**Work to be completed:** Reproduce exactly, leaving out pictures, each line from the one holding "Teren intravilan, 1000" through the final line of the listing, and add nothing.
○ ○ ○ ○
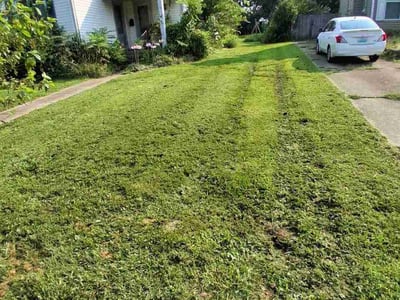 Lawn Care service in Jeffersontown, 40299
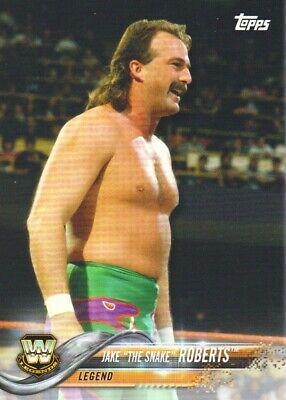 Jake 'The Snake' Roberts #193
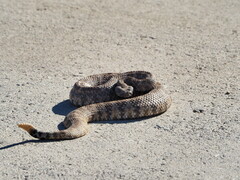 Crotalus pyrrhus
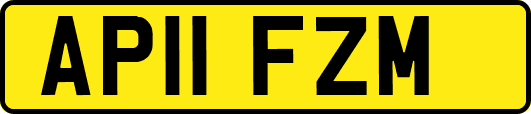 AP11FZM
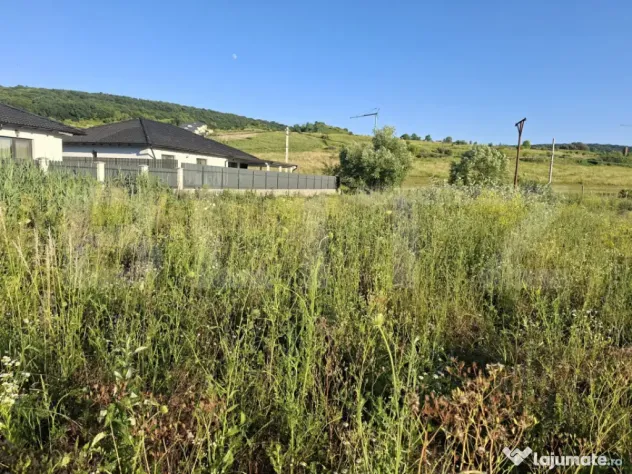 Teren intravilan, 1000 mp, zona Central - Livezeni
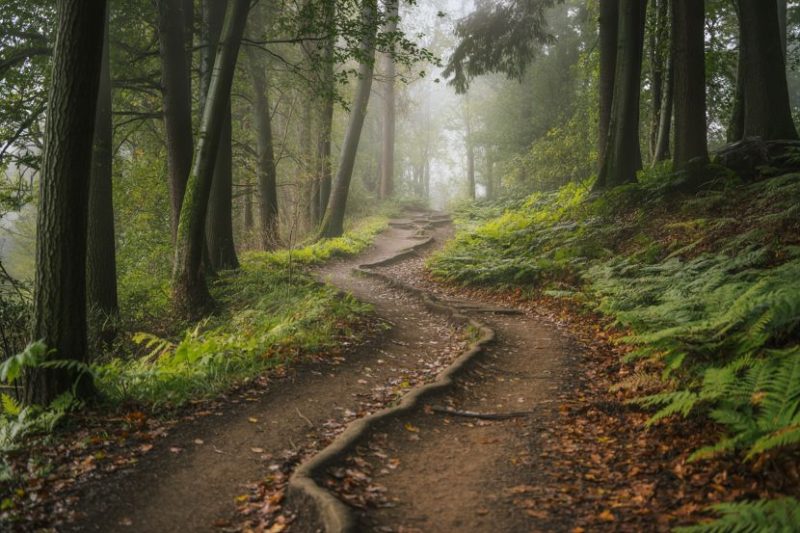 Discover the Majestic Isälvsleden Trail in Sweden’s Wilderness Embark on a Thrilling Journey Through Sweden’s Untouched Wilderness Hiking Glacial Landscapes and Ancient Forests in the Isälvsleden Trail - Discover the Majestic Isälvsleden Trail in Sweden's Wilderness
○ ○ ○ ○
**Written solution:**
 Teren intravilan, 1000 mp, zona Central - Livezeni
 Discover the Majestic Isälvsleden Trail in Sweden’s Wilderness Embark on a Thrilling Journey Through Sweden’s Untouched Wilderness Hiking Glacial Landscapes and Ancient Forests in the Isälvsleden Trail - Discover the Majestic Isälvsleden Trail in Sweden's Wilderness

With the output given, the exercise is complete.